Register: https://uica.uops.info/tmp/e80e60e0c4914955b11dc6590711c1b8_...

ack_complete · 2026-02-11T03:51:31 1770781891

Don't think the memory operand version would work here. If I understand the x86 architectural manual description, the 32-bit operand form interprets the bit offset as signed. A 64-bit operand could work around that but then run into issues with over-read due to fetching 64 bits of data.

rep_lodsb · 2026-02-10T15:17:33 1770736653

Implementing rotate through carry like that was a really bad decision IMO - it's almost never by more than one bit left or right at a time, and this could be done much more efficiently than with the constant-time code which is only faster when the count is > 6.

Is the full microcode available anywhere?

ajenner · 2026-02-10T15:40:20 1770738020

I haven't published it yet as there are still some rough edges to clear up, but if you email me ([email protected]) I'll send you the current work-in-progress (the same one that nand2mario is working from).

kjs3 · 2026-02-10T15:31:17 1770737477

Since the shifter is also used for bit tests, the 'most things are a 1-bit shift' might not be the case. Perhaps they did the analysis and it made sense.

rep_lodsb · 2026-02-10T16:07:02 1770739622

There are separate opcodes for shift/rotate by 1, by CL, or by an immediate operand. Those are decoded to separate microcode entry points, so they could have at least optimized the "RCL/RCR x,1" case.

And the microcode for bit test has to be different anyway.

cbsmith · 2026-02-12T06:26:49 1770877609

Except that there are tremendous advantages to constant-time execution, not the least of which is protection from timing security attacks/information leakage (which admittedly were less of a concern back then). Sure you can get the one instruction executed for the <6 case faster, but the transistor budget for that isn't worth it, particularly if you pipeline the execution into stages. It makes optimization far more complex...

rep_lodsb · 2026-02-04T00:26:42 1770164802

RAMAC, not RAMDAC: https://en.wikipedia.org/wiki/History_of_IBM_magnetic_disk_d...

However it doesn't seem to be divided into sectors at all, more like each track is like a loop of magnetic tape. In that context it makes a bit more sense to use decimal units, measuring in bits per second like for serial comms.

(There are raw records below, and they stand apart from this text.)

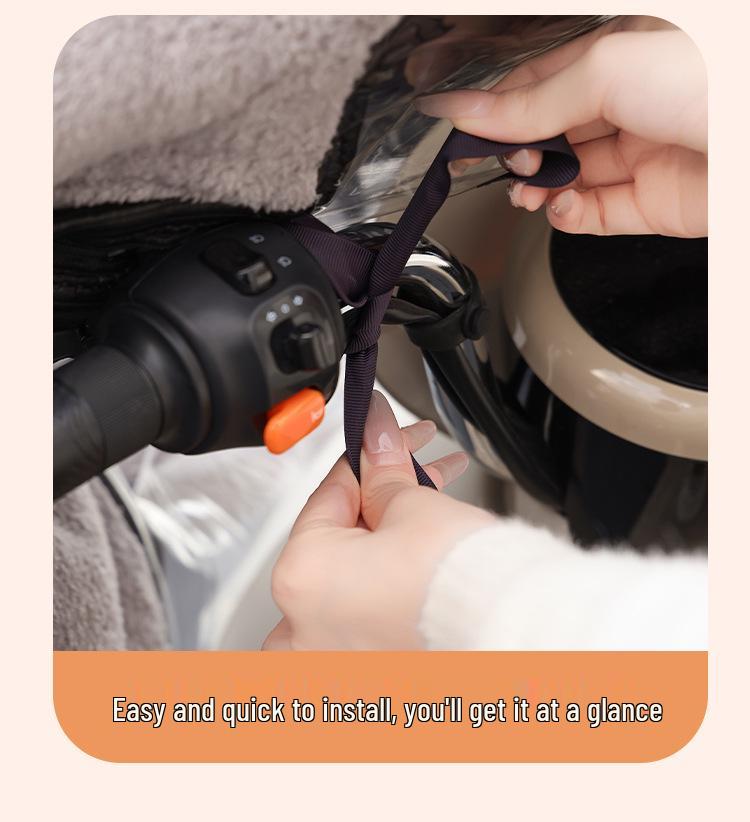 Plush Winter Windproof Electric Vehicle & Motorcycle Cover - Universal Year-Round Cold Protection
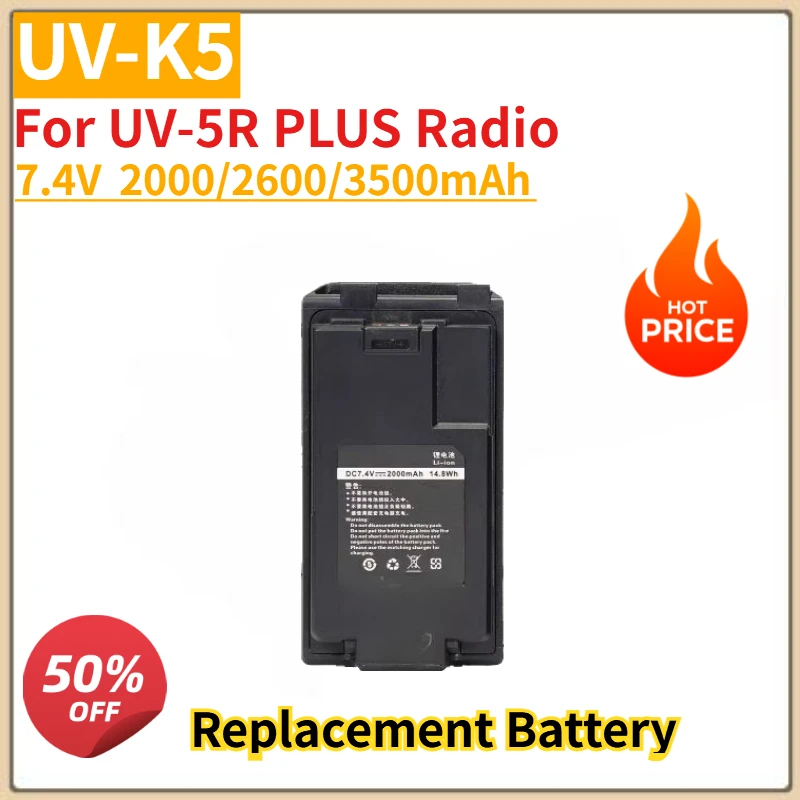 

New UV-K5 Li-ion Battery UV-K6 Walkie Talkie High Capacity Battery Type-C Charging 7.4V For UV-5R PLUS Radio 2000/2600/3500mAh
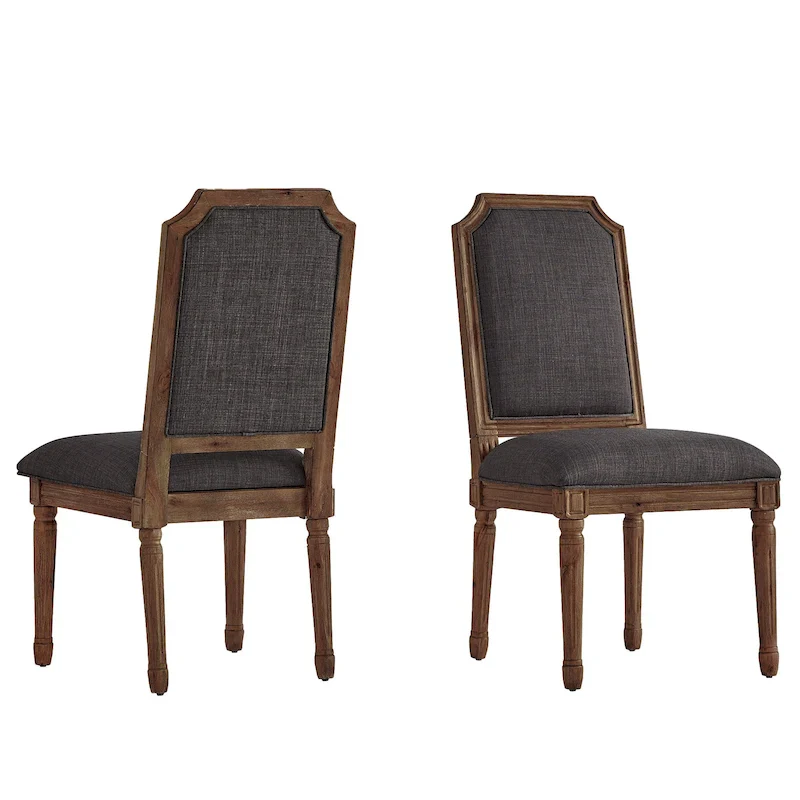 Arched-Back Linen and Solid Wood Dining Chairs (Set of 2)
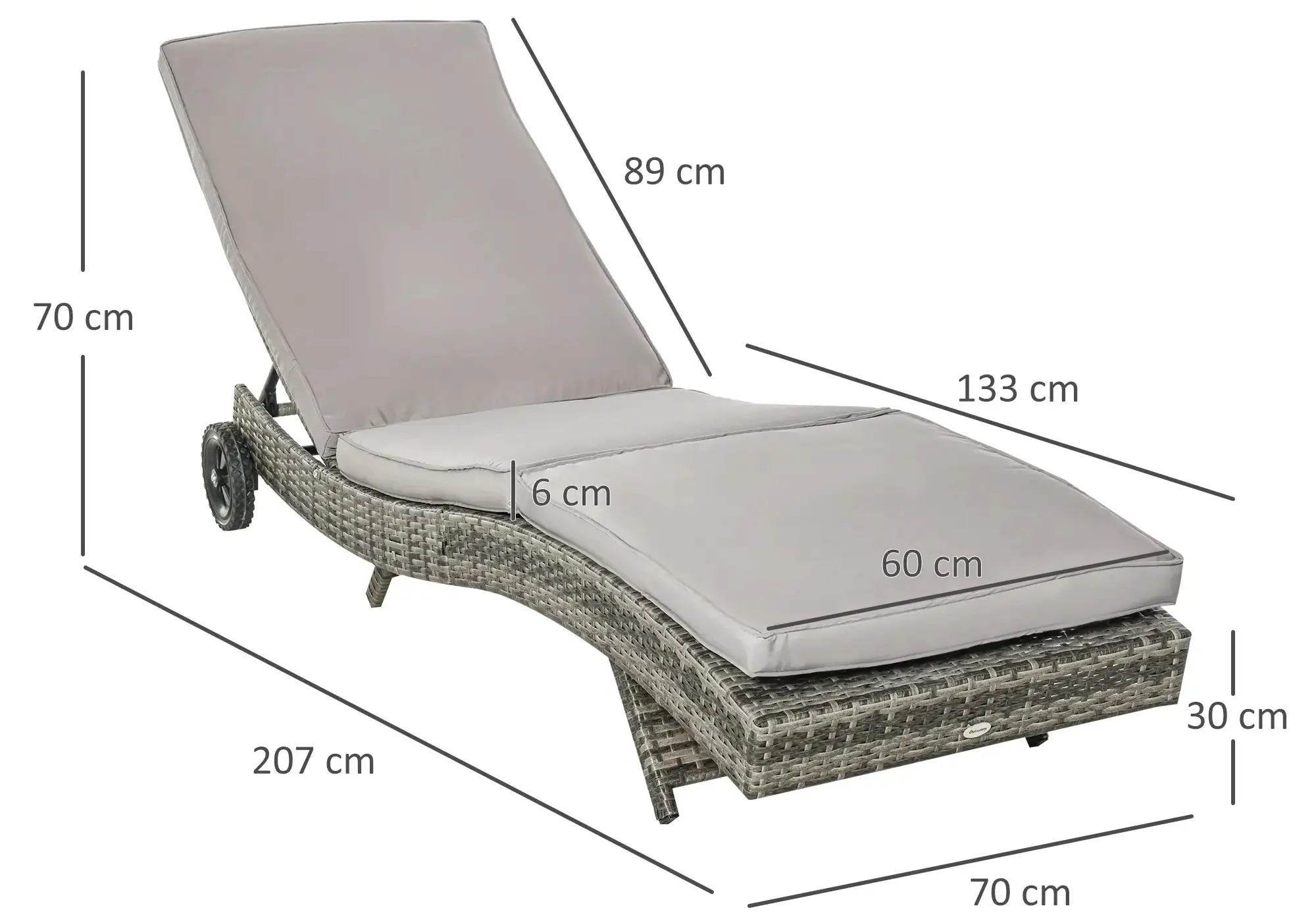 Sezlong Outsunny 862-030GY (Grey) - 4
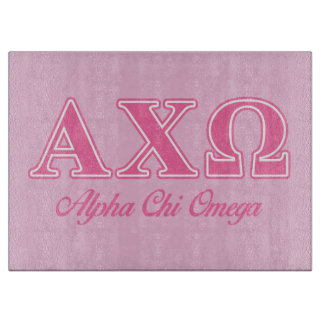 Alphi Chi Omega Rosa Buchstaben Schneidebrett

Or maybe there were some extra characters used for ECC? 5 million / 100 / 100 = 500 characters per track, leaves 72 bits over for that purpose if the actual size was 512.

First floppy disks - also from IBM - had 128-byte sectors. IIRC, it was chosen because it was the smallest power of two that could store an 80-column line of text (made standard by IBM punched cards).

Disk controllers need to know how many bytes to read for each sector, and the easiest way to do this is by detecting overflow of an n-bit counter. Comparing with 80 or 100 would take more circuitry.